Nakazawa first opened in Manhattan’s West Village in 2013 as an omakase restaurant—a 21-course, chef’s-choice sushi menu every night. In 2017, Daisuke Nakazawa (the Tokyo-born chef and protégé of Jiro—yes, the one behind Jiro Dreams of Sushi) expanded his concept to Washington, D.C. Both venues have earned one Michelin star.
Aspen’s location is different: The downtown eatery offers an omakase-style meal (18 to 21 courses for $185/person) but also serves a generous menu of sushi, appetizers, and entrées. “It’s an elevated take on what you think of as normal, everyday Japanese food” says Dean Fuerth, the restaurant’s corporate beverage director.
Our favorite seat is at the counter on the achromatic, enclosed patio where you can chat in depth with your server about food and sake recommendations.
And you’ll want to talk to someone, especially about the latter. Nakazawa’s sake menu contains nearly a dozen by-the-glass options and two pages of bottles. (There’s also a solid selection of whiskey, wine, beer, and Japanese tea.) “We serve our sake in stemware because we want to put it on the same playing field as wine,” Fuerth says. “In doing so, it does promote conversation… and open the door to trying to educate [guests] in some way or turn them onto something new.”
For an approachable, beginner option, Fuerth recommends the “very clean and soft and elegant” sakes from Niigata, a region of Japan known for using mountain snowmelt in the fermentation process. Ishikawa, further south, brews more robust and savory sakes that pair well with fattier fishes like yellowtail, he says.
The most unique bottle on the menu: Absolute 0. Of the 300 bottles produced, only 100 found their way to the Western Hemisphere. Nakazawa managed to track down a dozen. To get your own hands on one of them, it’ll set you back $14,000.
The food menu, which will shift with the seasons, is a little more straightforward: It’s divided into cold, hot, and nigiri/sashimi preparations.
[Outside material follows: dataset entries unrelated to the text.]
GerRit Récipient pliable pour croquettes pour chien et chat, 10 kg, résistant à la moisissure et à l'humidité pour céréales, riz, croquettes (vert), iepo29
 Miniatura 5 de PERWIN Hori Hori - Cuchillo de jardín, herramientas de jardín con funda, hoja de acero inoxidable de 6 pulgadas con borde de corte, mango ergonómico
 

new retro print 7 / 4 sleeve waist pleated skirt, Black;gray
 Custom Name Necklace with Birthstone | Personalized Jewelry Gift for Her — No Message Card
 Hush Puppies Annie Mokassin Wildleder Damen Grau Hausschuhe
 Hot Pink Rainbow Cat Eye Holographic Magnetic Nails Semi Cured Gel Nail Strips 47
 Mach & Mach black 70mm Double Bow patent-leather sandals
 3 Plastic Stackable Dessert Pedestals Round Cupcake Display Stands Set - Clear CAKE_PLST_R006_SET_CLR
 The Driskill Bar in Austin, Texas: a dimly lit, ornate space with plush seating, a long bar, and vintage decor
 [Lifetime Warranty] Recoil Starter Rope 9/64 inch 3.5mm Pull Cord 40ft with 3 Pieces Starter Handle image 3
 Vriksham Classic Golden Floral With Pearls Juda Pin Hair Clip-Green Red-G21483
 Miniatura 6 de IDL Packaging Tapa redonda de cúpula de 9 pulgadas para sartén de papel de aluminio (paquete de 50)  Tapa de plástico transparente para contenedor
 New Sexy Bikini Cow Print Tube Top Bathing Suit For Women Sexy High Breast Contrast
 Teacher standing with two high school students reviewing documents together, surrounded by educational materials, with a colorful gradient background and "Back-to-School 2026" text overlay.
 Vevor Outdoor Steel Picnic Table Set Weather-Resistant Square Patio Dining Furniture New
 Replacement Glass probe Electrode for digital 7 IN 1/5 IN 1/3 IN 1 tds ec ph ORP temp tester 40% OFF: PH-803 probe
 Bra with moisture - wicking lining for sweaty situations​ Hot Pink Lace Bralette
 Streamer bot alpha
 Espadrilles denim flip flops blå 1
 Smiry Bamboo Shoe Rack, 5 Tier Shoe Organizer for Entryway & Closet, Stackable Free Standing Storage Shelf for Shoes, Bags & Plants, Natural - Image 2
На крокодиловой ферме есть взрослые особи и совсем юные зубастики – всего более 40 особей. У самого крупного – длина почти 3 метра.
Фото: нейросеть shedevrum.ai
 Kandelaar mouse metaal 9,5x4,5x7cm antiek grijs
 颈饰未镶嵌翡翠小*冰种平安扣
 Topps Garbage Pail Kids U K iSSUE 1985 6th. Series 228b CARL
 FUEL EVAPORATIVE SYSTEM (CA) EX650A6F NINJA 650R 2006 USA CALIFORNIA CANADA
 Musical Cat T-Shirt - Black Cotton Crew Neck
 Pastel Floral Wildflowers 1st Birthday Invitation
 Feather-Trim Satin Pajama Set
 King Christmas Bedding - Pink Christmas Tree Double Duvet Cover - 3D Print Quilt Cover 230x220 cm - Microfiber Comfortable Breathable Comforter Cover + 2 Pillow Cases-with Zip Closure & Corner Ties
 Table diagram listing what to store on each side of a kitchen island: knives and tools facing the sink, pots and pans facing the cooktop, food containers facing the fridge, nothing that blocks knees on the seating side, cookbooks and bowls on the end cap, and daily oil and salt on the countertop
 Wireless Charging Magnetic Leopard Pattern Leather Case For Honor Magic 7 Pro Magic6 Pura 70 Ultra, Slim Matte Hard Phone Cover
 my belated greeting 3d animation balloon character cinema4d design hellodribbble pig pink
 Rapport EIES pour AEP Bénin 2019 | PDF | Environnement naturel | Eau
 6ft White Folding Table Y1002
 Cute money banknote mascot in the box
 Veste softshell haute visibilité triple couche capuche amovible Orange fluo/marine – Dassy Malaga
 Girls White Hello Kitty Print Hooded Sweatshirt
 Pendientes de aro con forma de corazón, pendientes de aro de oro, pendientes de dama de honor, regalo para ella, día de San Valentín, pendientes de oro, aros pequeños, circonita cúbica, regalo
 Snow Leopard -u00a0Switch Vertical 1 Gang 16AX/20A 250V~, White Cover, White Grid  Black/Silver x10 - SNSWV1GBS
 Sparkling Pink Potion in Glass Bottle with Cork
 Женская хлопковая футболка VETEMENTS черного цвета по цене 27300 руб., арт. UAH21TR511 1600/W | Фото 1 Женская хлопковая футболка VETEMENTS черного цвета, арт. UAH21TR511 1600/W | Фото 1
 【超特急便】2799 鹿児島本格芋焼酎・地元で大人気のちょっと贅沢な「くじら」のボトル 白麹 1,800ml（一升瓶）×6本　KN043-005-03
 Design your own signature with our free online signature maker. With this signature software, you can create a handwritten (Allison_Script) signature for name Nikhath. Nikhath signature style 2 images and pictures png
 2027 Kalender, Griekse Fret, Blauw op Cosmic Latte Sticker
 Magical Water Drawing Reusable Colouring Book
Almost all of the seafood hails from Japan, and there are unique appearances, including a saltwater-preserved Ensui uni (sea urchin) from northern Japan and kohada, a pickled and salted fish similar to mackerel and executive chef Wei Chen’s favorite.
Chen suggests starting with the lightest dishes at the top and working your way down through each of the three sections. On a summer evening, the green salad and its mountain of black and white sesame seeds and herby dressing was a perfect palate prepper. Next, the zuke king salmon oshizushi (pressed sushi) paired the citrus-scented fish with a delightful, creamy monkfish liver mousse. (We had to save room but were tempted by the king crab sando, a play on the lobster roll that piles crab, pickled daikon, radish, yuzu kosho, and Japanese mayonnaise on house-made milk bread.)
Warming up, the crispy rice carried a lovely kick from spicy salmon. But it was the black cod, which almost melted in our mouths and was perfectly paired with an ocean of Japanese turnips, that was the real star.
That is, until the nigiri arrived. The fish—akamutsu (sea perch), kanpachi (yellowtail), and hotate (scallops), in our case—were all brushed with a house-made soy sauce blended with sake and mirin before they reached the table, and they tasted as though they had just been pulled from the ocean. We ordered a second round. “The preparation is super traditional,” Chen says. “We don’t serve wasabi or soy sauce on the side… A lot of times guests can overpower the sushi with too much sauce or too much wasabi.”
Letting the kitchen lead is a good rule of thumb at Nakazawa, whether you opt for the omakase menu or pick-and-choose your own bites. Either way, we promise you’ll leave happy.